O Movimento Armorial, criado pelo poeta, professor e dramaturgo Ariano Suassuna na década de 1970, foi uma tentativa de afirmar a cultura nordestina diante das pressões externas, sobretudo da indústria cinematográfica global. Ao propor uma arte brasileira singular, baseada nas raízes populares do sertão, especialmente da literatura de cordel, Suassuna defendia que Pernambuco não deveria se curvar a Hollywood, mas sim projetar sua própria voz. Décadas depois, temos Kleber Mendonça Filho fazendo história. Embora o trabalho de Mendonça Filho tenha uma estética e linguagem diferentes da de Suassuna, voltadas para o realismo social, questões urbanas e políticas, ambos compartilham a mesma valorização da identidade cultural do Nordeste e do Brasil.
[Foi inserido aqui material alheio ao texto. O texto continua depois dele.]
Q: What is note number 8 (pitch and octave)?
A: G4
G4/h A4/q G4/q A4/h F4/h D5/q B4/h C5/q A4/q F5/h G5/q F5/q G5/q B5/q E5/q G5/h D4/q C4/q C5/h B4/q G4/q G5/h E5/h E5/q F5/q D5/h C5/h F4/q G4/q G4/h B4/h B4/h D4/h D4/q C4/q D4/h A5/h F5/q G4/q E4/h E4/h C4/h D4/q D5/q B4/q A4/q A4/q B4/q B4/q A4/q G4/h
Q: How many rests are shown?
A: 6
O Agente Secreto, de Kleber Mendonça Filho, ambientado no Recife em 1977, durante a ditadura militar, conquistou a crítica internacional e já desponta como candidato ao Oscar 2026.
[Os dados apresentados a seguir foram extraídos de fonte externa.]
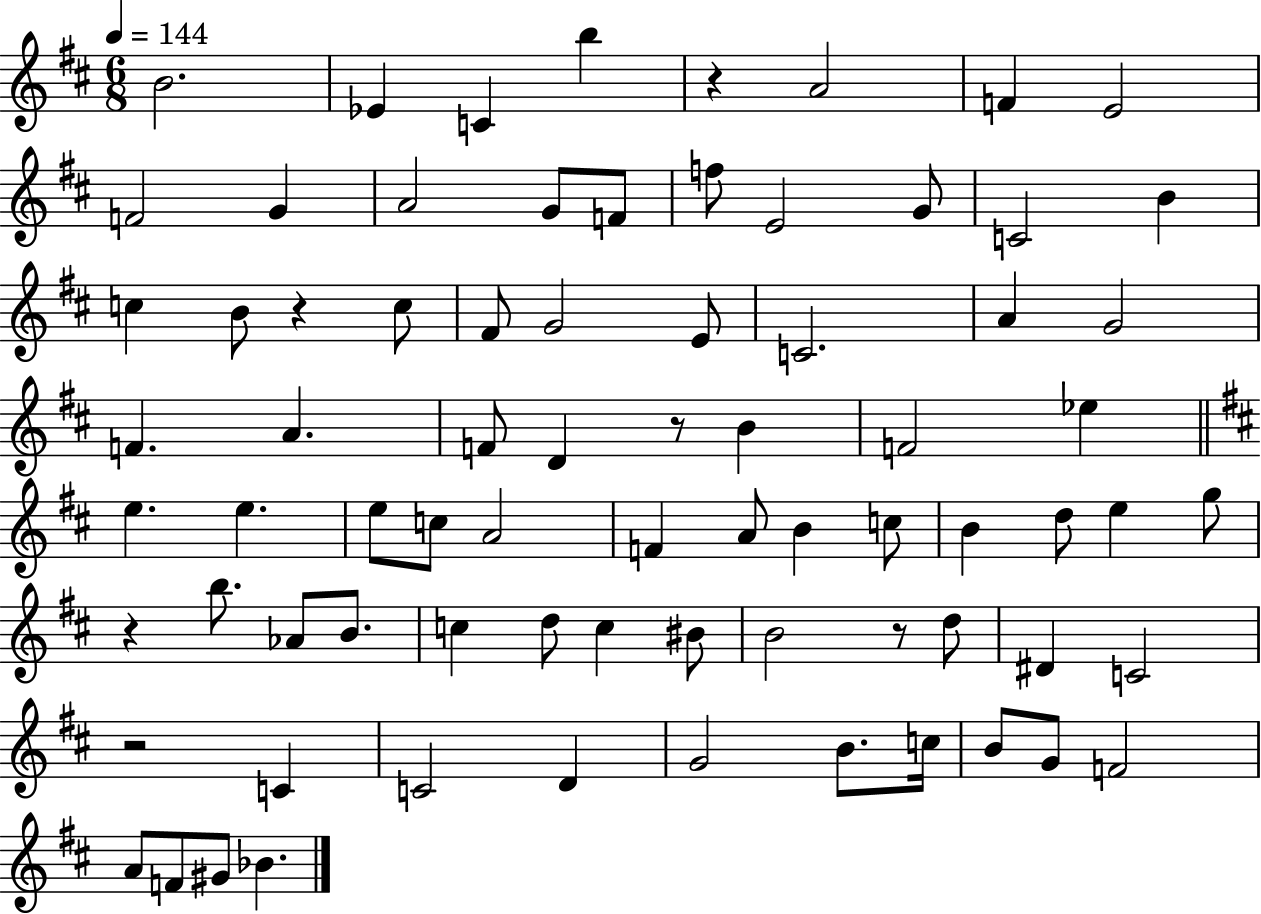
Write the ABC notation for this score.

Ariano e Kleber são dois nomes especialmente significativos para mim, que ingressei na Universidade Federal de Pernambuco (UFPE) em 1989, no curso de Publicidade e Propaganda, justamente no ano da aposentadoria de Ariano Suassuna, e tive, aos 17 anos, o privilégio de assistir a algumas de suas aulas-espetáculo, como ele mesmo gostava de chamar. Kleber, três anos mais velho do que eu, assistia às aulas de jornalismo em alguma sala do Centro de Artes e Comunicação (CAC). A minha formação intelectual, que se reflete no meu trabalho como jornalista e como coordenadora do Gabinete de Comunicação do Ministério Público do Rio Grande do Sul, passa pela “Federal de Pernambuco”. Também cresci frequentando o Cinema São Luiz, cenário importante dos filmes de Mendonça Filho, e esse espaço sempre foi, para mim, uma espécie de templo. Por isso, é muito emocionante ver o Recife e Pernambuco serem reconhecidos mundialmente pela excelência artística.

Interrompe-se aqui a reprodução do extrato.